2022-06-09 22:31:00 Cyril_ KI

I. Preface

Nowadays, many time series prediction papers are EMD decompose +LSTM The routine , And have achieved good results . But in these papers , Almost no paper has introduced its own data processing process in detail , And how to realize this method in real applications , They just stay at the theoretical level . therefore , This article mainly wants to talk about when we use EMD Method, how to process data .

II. Information leakage and the amount of computation

The data processing method in most papers is like this : First, all the data is EMD decompose , Get multiple components . Then for each component , Divide the training set and test set respectively . For each component, we use a model to train on its training set , Then test on the test set . If we want to get the truth of the original data / Predictive value , Just put the truth of all the components / The predicted values can be superimposed .

However , Generally in time series prediction , This is how we process data : First, divide all the data into training set and test set , Then the training set is normalized and feature engineered , And then model training , In this way , The training set and the test set are separate , The data in the training set is independent of the test set . It is worth noting that , When normalizing the test set , We use the largest in the training set / minimum value . take the reverse into consideration EMD in , We first decompose all the data and then divide the training set and the test set , This creates a problem : The training focused on future data ! In short , In the process of getting each component of the training set , We used the data from the test set , However, for model training , The data in the test set should be unknown , That's what happened Information disclosure problem .

Besides , because EMD There is The number of decomposed components depends heavily on the distribution and length of the sequence The problem of , When the model is actually applied , There are also some problems : Suppose we use the former 24 After a time forecast 12 Time data , In the model training phase , We have trained a total of 10 A component model , That is, the data is decomposed into 10 Weight . After model training , It needs to be put into use , If we want to predict the future 12 Hours of data , Then we only need the nearest 24 Time data , A key question is : How to make this 24 Data is decomposed into 10 Weight ? Because only this 24 Data is decomposed into 10 Weight , We can use the trained 10 A model . The reality is that this decomposition is almost impossible , Because the data used for model training is hundreds of pieces , Tens of thousands in length , Such long data can be decomposed into 10 Weight ,24 Data is unlikely to be decomposed into 10 A component of .

Assume that the time series data used for model training and testing is D, The length is T+k, front T Data for model training , after k Data for model testing , Before utilization 24 After a data forecast 12 Data . For the above two questions , Generally speaking, there are the following 3 Kind of solution :

2.1 Training for many times + Multiple prediction

To get each prediction in the test set , We can do the following :

  1. To the front T Data for EMD decompose , Get multiple components , Then train a model for each component .
  2. After model training , We make use of D[T-23:T] The data of each component model is obtained 12 A prediction output , And then superimpose them , You can get D[T+1:T+12] The predicted value of .
  3. Yes D[13:T+12] Data processing EMD decompose , Also get multiple components , Then train a model for each component . And then use it D[T-11:T+12] this 24 Data to get the... Of each component model 12 A forecast , Then stack , You can get D[T+13:T+24] Of 12 Predicted values .
  4. Repeat the above 123 step , Every time the decomposition window slides 12 Data , Then decompose the data in the window and train the model , Finally, the prediction is made , Until get D[T+1:T+k] All predicted values of .
  5. utilize D[T+k] Calculate the evaluation index with the predicted value and the real value of .
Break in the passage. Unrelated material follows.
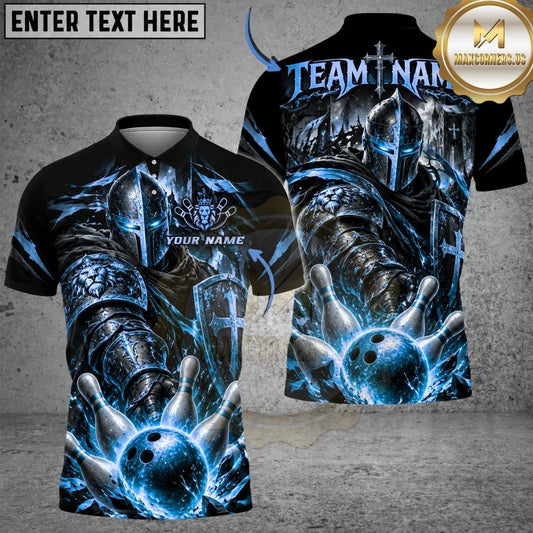 Maxcorners Bowling Crusader Knight Sword Warrior Pins Strike Artwork Multicolor Customized Name, Team Name 3D Shirts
Although the above methods did not cause information leakage , but It takes a lot of calculation . But the biggest advantage of this method is : There is no need to guarantee the IMFs The number of is the same , to D[1:T] When we decompose the data, we can get 10 Weight , At this time, the D[T-23:T] Every data in also exists 10 Weight , Can directly predict , Yes D[13:T+12] The data in , You can get 12 Weight , At this time, the D[T-11:T+12] Every data in also exists 12 Weight , Can directly predict .

2.2 A single workout + Multiple decomposition prediction

Method 2.2 With the method 2.1 The main difference is that you only train once :

  1. First of all, will D[1:T] Of the data , Then the data is decomposed , And train a model for each component .
  2. When making a formal forecast , The first use of D[T-23:T] The decomposition data of D[T+1:T+12] The predicted value of ; Then the data D[13:T+12] decomposition , utilize D[T-11:T+12] obtain D[T+13:T+24] The predicted value of .
  3. Cycle prediction , Until the end of the forecast .
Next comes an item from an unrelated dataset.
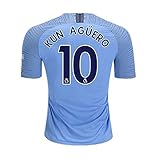 Alpsport #10 KUN Aguero Manchester City Home Soccer Jersey 2018-2019 Season Mens Blue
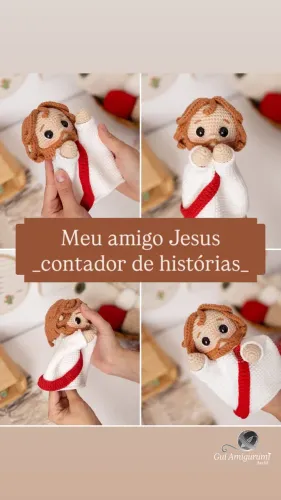 Jesus Contador de Histórias Reino de Deus Religião Fantoche Amigurumi Lúdico Educativo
It can be found that this method is to decompose the data with the latest length consistent with the training set every time , Then make predictions . Although this method does not cause information leakage , But the amount of calculation is also very large . meanwhile , This method has a fatal flaw : Ask for every T Data decomposed IMFs The number of must be consistent , Otherwise, the trained model cannot be used .

2.3 Sliding decomposition construction sample

Specific steps :

  1. Yes D[1:24] Of the data , Get component set X, Then on D[13:36] decomposition , Get component set Y, Then construct a sample for each component (x, y), among x For the former 24 Data ,y For after 12 Data .
  2. Yes D[13:36] and D[25:48] Decompose them separately ,13:36 by x,37:48 by y, Also generate a sample for all components .
  3. Repeat the above steps , Both windows slide each time 12 Data , Until the end of the training set , Get all training samples .
  4. Before utilization 3 Step to get data to train multiple component models .
  5. When making a formal forecast , Choose the nearest one every time 24 Data is decomposed , Then carry out prediction superposition .
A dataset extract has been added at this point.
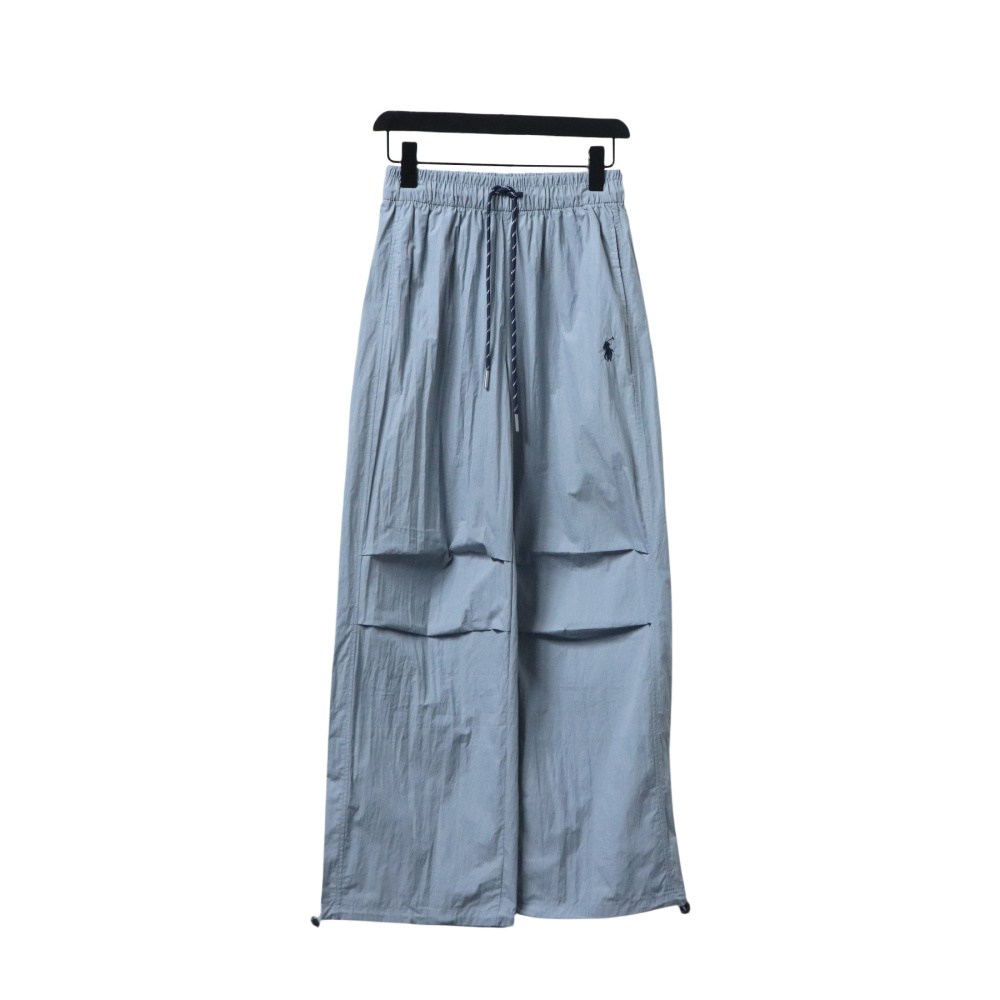 Ralph Lauren 24Fw Embroidered Small Logo Nylon Pants Blue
The above methods have not caused information leakage , But the same It takes a lot of calculation . meanwhile , The method and 2.2 equally : Ask for every 24 Data decomposed IMFs The number of must be consistent , Otherwise the training will fail , At the same time, the trained model cannot be used .

2.3 summary

  1. Method 1 has no loopholes , But the amount of calculation is the largest of the three methods .
  2. Both method 2 and method 3 have the problem that the number of decompositions is uncertain .
  3. For the problems of the last two methods , Some articles have proposed solutions : Used to PyEMD Everyone knows , The maximum number of decompositions can be set during specific decomposition , But this number will not exceed the upper limit of decomposition number , In this case, we can assume a decomposition number in advance , This value is usually small , Each decomposition is carried out according to the number of decomposition , But there is also an extreme case : The number of a certain decomposition cannot even reach the minimum value , At this time we can be in Add... After the data 0, And then break it down , If the number is still not reached, continue to add 0 Until the specified number of decomposition is reached , because 0 After decomposition, the components are added together as 0( Or a little noise ), It has no effect on the final result . But here's the thing , This addition 0 Is not advisable in model training , Can only be used in model prediction .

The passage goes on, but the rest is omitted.